Validating Elastic Beanstalk worker tier cron schedules

If you’ve worked with Elastic Beanstalk worker tiers, you may be familiar with the cron.yaml file, which sqsd uses to send jobs to your app. I recently deployed a new version of a Rails app to our worker tier environment, and the deploy failed, and hard.

I’ve had bad deploys before, but one nice thing about Elastic Beanstalk is that the previous version of your app continues running if a deployment fails. Not this time though. The deployment failed and took everything down with it, including the previous (and should-be-still-running) version of the app.

This seemed very strange, so I tried re-deploying the previous version, which had been running just a few minutes prior, but that deployment failed too.

Now, I’m writing this based on my memory from a couple months ago, so bear with me here if the details aren’t 100%. I believe I checked systemctl status sqsd.service and was directed to run journalctl -xe. I think I tried starting sqsd manually using the command shown in the journalctl output (/opt/elasticbeanstalk/lib/ruby/bin/aws-sqsd start).

Regardless, at some point I saw this (or a similar) message:

Failed of parsing file 'cron.yaml', because: min out of range (ArgumentError)

I had just added a new job to the cron.yaml file in the latest deployment, but I couldn’t find anything wrong with it. The schedule value seemed fine and was identical to the schedule of another job, but set for a couple minutes later.

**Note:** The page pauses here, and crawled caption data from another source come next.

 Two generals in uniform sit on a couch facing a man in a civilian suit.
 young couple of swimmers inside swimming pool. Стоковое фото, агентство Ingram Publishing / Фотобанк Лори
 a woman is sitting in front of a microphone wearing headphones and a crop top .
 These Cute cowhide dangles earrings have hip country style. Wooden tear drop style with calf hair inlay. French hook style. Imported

After more digging, I found that the problem was coming from inside sqsd, the worker-tier daemon that delivers messages from an SQS queue to the app. I found the sqsd code on the machine¹ and started adding logging output to find exactly where it was failing.

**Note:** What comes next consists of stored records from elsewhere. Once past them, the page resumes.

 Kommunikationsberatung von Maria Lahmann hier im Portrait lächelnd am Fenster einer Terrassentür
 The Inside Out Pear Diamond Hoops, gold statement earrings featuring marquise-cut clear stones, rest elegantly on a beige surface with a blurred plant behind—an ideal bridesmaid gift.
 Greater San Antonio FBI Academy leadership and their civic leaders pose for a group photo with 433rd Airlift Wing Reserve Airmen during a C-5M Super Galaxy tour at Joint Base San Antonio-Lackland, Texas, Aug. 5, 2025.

Turns out the failure was occurring when sqsd parses the cron schedules (in schedule_parser.rb) using the parse-cron gem. Here’s the relevant bit showing the part of the code that was failing and raising the error:

begin
  # ...
  schedule = task_def.fetch('schedule')
  parser = CronParser.new(schedule)
  parser.next(Time.now) # test by computing next scheduled time
  parser.last(Time.now) # test by computing last scheduled time
  # ...
rescue => e
  raise ScheduleFileError.new("Failed of parsing file '#{SCHEDULE_FILE_NAME}', because: #{e.message}")
end

After banging my head against the wall trying to figure out how this new job could be failing, I added a line of code to log the schedule variable before it was parsed. That’s when I found it wasn’t the new job with a bad schedule, but one that had been there for months, successfully parsing and deploying all along. What on earth…

Here’s the job that was failing. It should run every 15 minutes from 7:00am until 7:45pm Central².

- name: my-job
  url: /my-job
  schedule: '*/15 12-24 * * *'

If you work with cron schedules much, you’ll probably spot the error right away. I don’t, and didn’t. The original schedule (from years ago) was */15 12-23 * * *, but I decided I wanted it to run for an extra hour each day, so I increased the hours component from 12-23 to 12-24. Without realizing it at the time, I’d made an invalid cron schedule, as Crontab.guru shows.

I hurridly updated the schedule to its correct form, */15 0,12-23 * * *, and deployed the app. It worked.

But I wasn’t satisfied. I had to figure out why the bad schedule had worked all along until now. I started off by trying this in a local IRB session:

parser = CronParser.new('*/15 12-24 * * *')
#=> #<CronParser:... @source="*/15 12-24 * * *", @time_source=Time>
parser.next(Time.now)
#=> (a timestamp)
parser.last(Time.now)
#=> (a timestamp)

No failures… So the CronParser is allowing the invalid 12-24 hour field. More poking around… until it hit me. The (literal) variable here was Time.now.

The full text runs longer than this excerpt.